An EU AI Act compliance checklist is a structured set of steps that helps you meet the regulation's obligations without missing anything. In practice it means ten things: inventory every AI system, classify each by risk tier, write technical documentation, govern your training and input data, design human oversight, disclose AI use where Article 50 requires it, keep logs, vet your vendors, monitor systems after launch, and assign clear ownership with a review cadence. The Act applies in phases — banned uses since February 2025, general-purpose AI rules since August 2025, and most high-risk obligations from August 2026 — so the right starting point is knowing what you have and where each system sits. This is general information, not legal advice.

Why a checklist beats reading the whole regulation

The EU AI Act runs to more than a hundred articles and a stack of annexes. If you try to read it front to back before doing anything, you will either stall or panic. A checklist turns the regulation into a sequence of decisions you can actually act on, in roughly the order that makes sense for an implementer.
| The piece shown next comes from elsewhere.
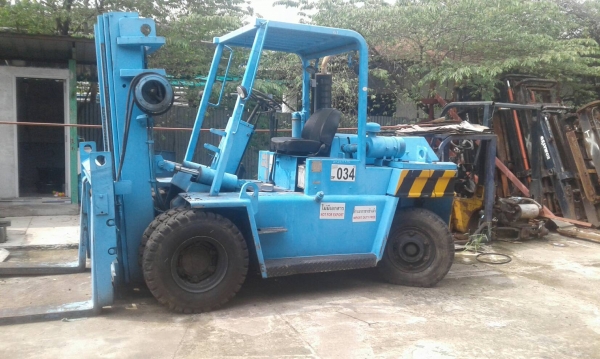 รถรก 8 ตัน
The Act is risk-based. It does not treat a spam filter the same way it treats an AI system that scores job applicants or triages patients. Most of the heavy obligations land on a defined set of high-risk use cases and on general-purpose AI models. A large share of everyday business AI ends up in lighter categories, where the main duty is honest disclosure. The whole point of the steps below is to find out, quickly, which bucket each of your systems falls into — so you spend effort where the law actually demands it.

One caveat before the list: this is general information to help you organise the work, not legal advice. For binding interpretation of how the Act applies to a specific system, you will want a qualified lawyer. What follows is the implementer's view — the practical work that has to happen regardless of who signs off on the legal read.

The phased dates you are working against

Compliance is not a single deadline. The Act entered into force in August 2024 and applies in stages, which is good news — it means you can sequence the work instead of doing everything at once.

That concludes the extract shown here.